SUZUKI V-STROM 650XT ON (AND OFF) THE ROAD WITH SUZY WORDS THE BEAR/ STUART WOODBURY PHOTOS THE BEAR/ NICK WOOD

“Independence is happiness.”
Susan B. Anthony

1. Puckapunyal

Royal Australian Armoured Corps Memorial & Army Tank Museum Hopkins Barracks, Puckapunyal Military Area, VIC 3662 03 5735 7285 www.armytankmuseum.com.au Open: Tues to Fri 10am to 5pm. Last weekend of each month and VIC public holiday weekends (Saturday – Monday) 10am to 4pm. VIC school holidays commencing on the first Sunday 10am to 4pm. Closed: 22 December to 1st January inclusive and ANZAC Day.

About 10km off the Hume Freeway, the museum is (forgive the implied sexism) a bloke’s techy paradise. It’s not so much about war as about fascinating war machines, including representation from Russia.

2. Glenrowan

Tourist information: Kate’s Cottage, Old Hume Highway. 03 5766 2448, www.wangaratta.vic.gov.au Just off the Hume Freeway on a tourist loop, Glenrowan is dominated in every way by Ned Kelly. Rather kitschy museums and walks are all over the place.

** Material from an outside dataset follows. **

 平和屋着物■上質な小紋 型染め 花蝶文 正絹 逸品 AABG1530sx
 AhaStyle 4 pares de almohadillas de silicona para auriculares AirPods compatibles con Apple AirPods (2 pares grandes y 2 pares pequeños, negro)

There is even a Big Ned looking ready to stand off the traps again with his armour and his rifle.

Wine and other local produce is available; relatively expensive coffee shops abound. Consider a loop through the Warby Ranges, where you have the option of tar or good, graded dirt.

3. Chiltern

Tourist information: 30 Main Street, 03 5726 1611. The road through Chiltern makes a nice shortcut up to the Murray and to Rutherglen. The town itself is very pretty in a Colonial way with some nice things to look at including (little) museums like Stephen’s Motor Museum. There is a good café, but only 91 fuel is available, and the petrol station only takes cash.

4. Rutherglen

Tourist information: 57 Main Street, 1800 622 871 or 02 6033 6300, www.rutherglenvic.com Rutherglen is all about wine, but it has a couple of nice pubs as well, including the Victoria. There are lots of vineyards in the area, including Gehrig Estate, Victoria’s oldest continually operating vineyard and Bullers Calliope Vineyard has an interesting bird park.

5. Howlong

A small town just on the NSW side of the Murray, Howlong offers the usual services including the pretty Court House Hotel and a caravan park recommended by one of our readers. Ride right down to the Murray and step into the water across the border – it runs on the southern edge of the main stream.

6. Lockhart

Tourist information: 65 Green Street, 02 6920 5305, www.lockhartshiretourism.com.au The first thing I really noticed about Lockhart was that it doesn’t have much “drop”. Steve Johnson, who was standing under the veranda of the Commercial Hotel (02 6920 5109) sheltering from a staggering thunderstorm, told me about this. “Ah, hello Bear,” he said, “this is nothing compared to the floods we’ve had with three feet of water through the shops. The land is flat, so there is no ‘drop’ to let the water run off.” He was right, too. I wasn’t going any further in the bucketing rain so I checked into the pleasant and affordable Lockhart Motel (02 6920 5357) after discovering that the pub was being refurbished. Lockhart is known as the “veranda town”, which is very useful in the rain.

Just outside town to the east there are a couple of huge and kind of touching corrugated iron statues – a kangaroo with a joey and an emu. Take them as a warning for motorcyclists!

7. Temora

Tourist information: 294- 296 Hoskins Street, 02 6977 1511, www.temora.local-e.nsw.gov.au This is a good keen town, here. They even managed to snaffle Don Bradman’s first home from Cootamundra! The slab cottage is now in the grounds of the interesting Rural Museum which is open from 1.30 to 5pm on Sundays and public holidays and from 2 to 5pm the rest of the time.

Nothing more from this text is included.